Amphibian Man (, translit. Chelovek-amfibiya) is a 1962 Soviet science fiction romance film starring Vladimir Korenev and directed by Vladimir Chebotaryov and Gennadi Kazansky. The film stars Vladimir Korenev and Anastasiya Vertinskaya in the lead roles.

It is an almost fable-like story based upon the eponymous 1928 novel by Alexander Beliaev. It focuses on a youth named Ichthyander (, Ichtiandr) (from Greek: fish+man) who was surgically altered to survive under the sea. Unlike traditional science fiction movies of the time the film focuses much more on the concept of love won and lost. It was given the name of Tarzan des Mers before the estate of Edgar Rice Burroughs took exception.

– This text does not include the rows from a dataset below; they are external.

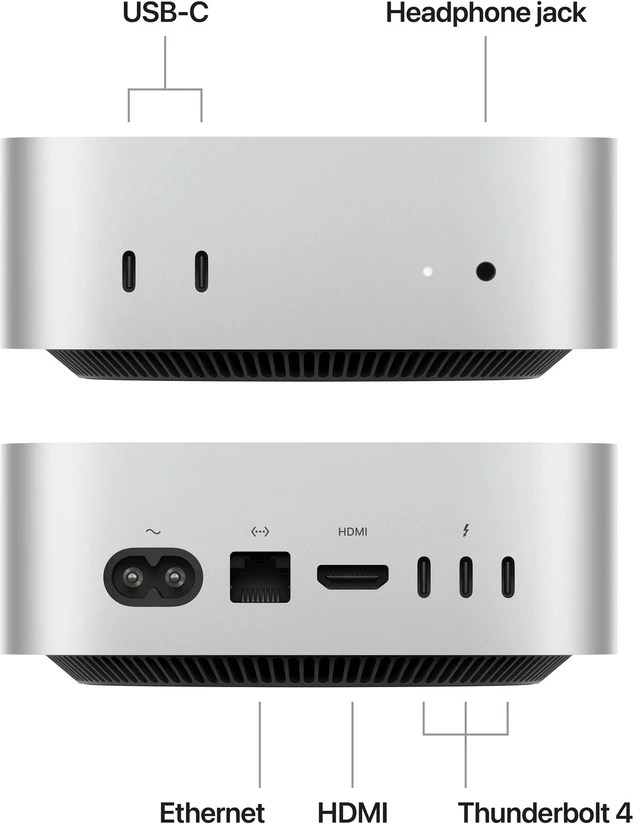 Apple Mac Mini M4 16GB 512GB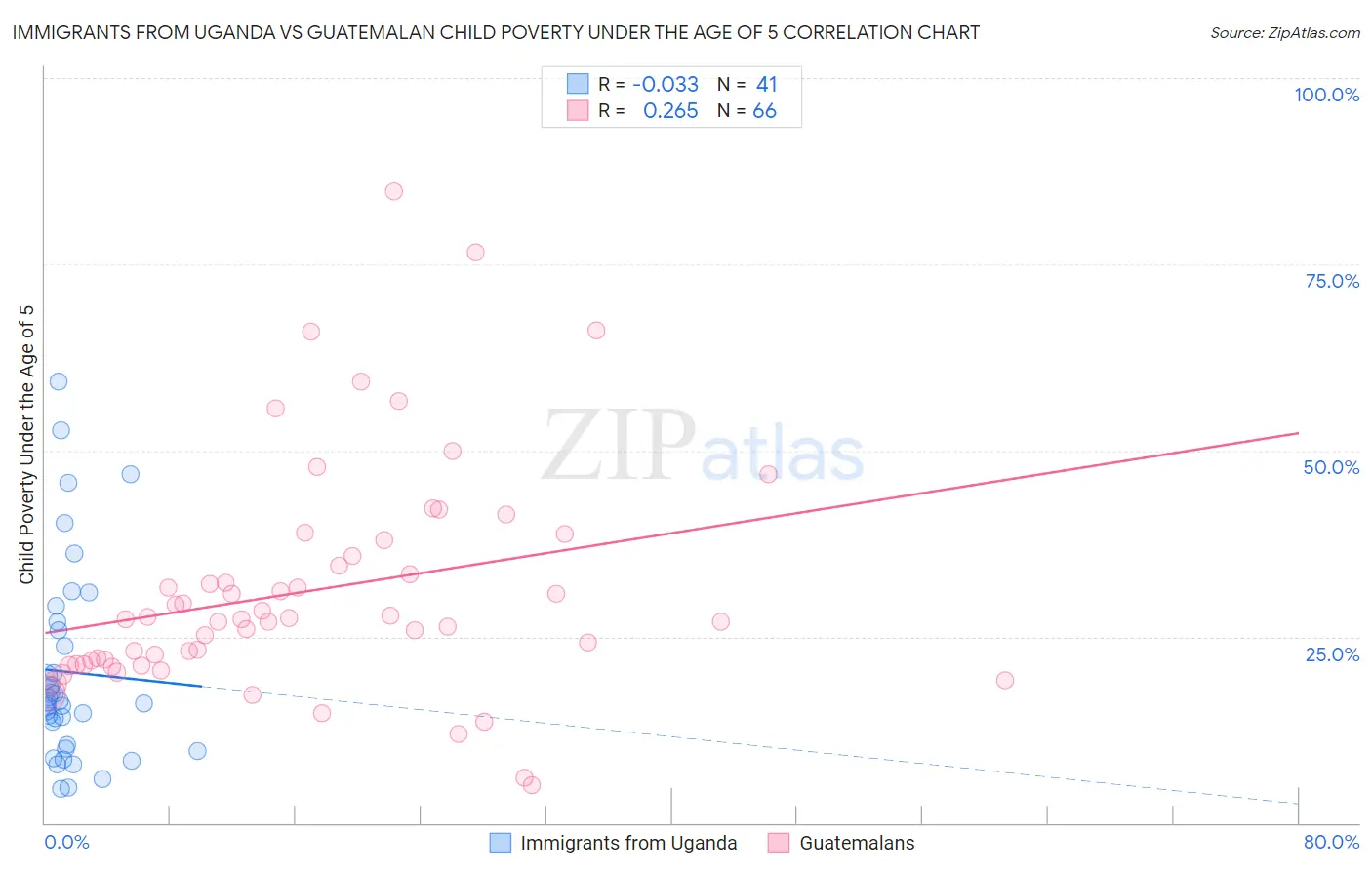 Immigrants from Uganda vs Guatemalan Child Poverty Under the Age of 5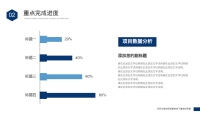 第13张幻灯片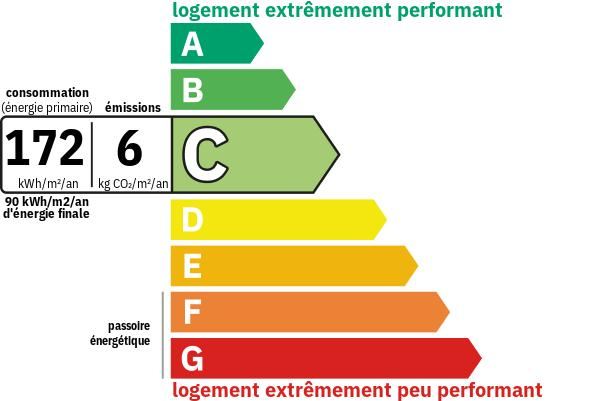 Diagnostic de performance énergétique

The film was the leader of Soviet distribution in 1962, with 65.5 million admissions during its initial run that year. It later sold up to 100million admissions including re-runs, the highest for a Soviet film up until The Red Snowball Tree (1974).

Plot 
The story is set in a seaside port in Argentina (but filmed in Baku, Azerbaijan SSR), largely among a community of pearl fishers.
The protagonist is the adopted son of a doctor/scientist who was sometime in the past forced to save the boy's life by implanting him with shark gills. Thus he is able to live under water, but must keep his secret from the world.
The conflict arises from his falling in love with a pearl-fisher's beautiful daughter. His secret is discovered and the girl's husband Pedro attempts to exploit Ichthyander for his ability to find pearls easily. 
Due to being kept caged under water, his ability to breathe in the open air is affected, and he must now live in the sea for several years. Although set free, the lovers are permanently separated from each other.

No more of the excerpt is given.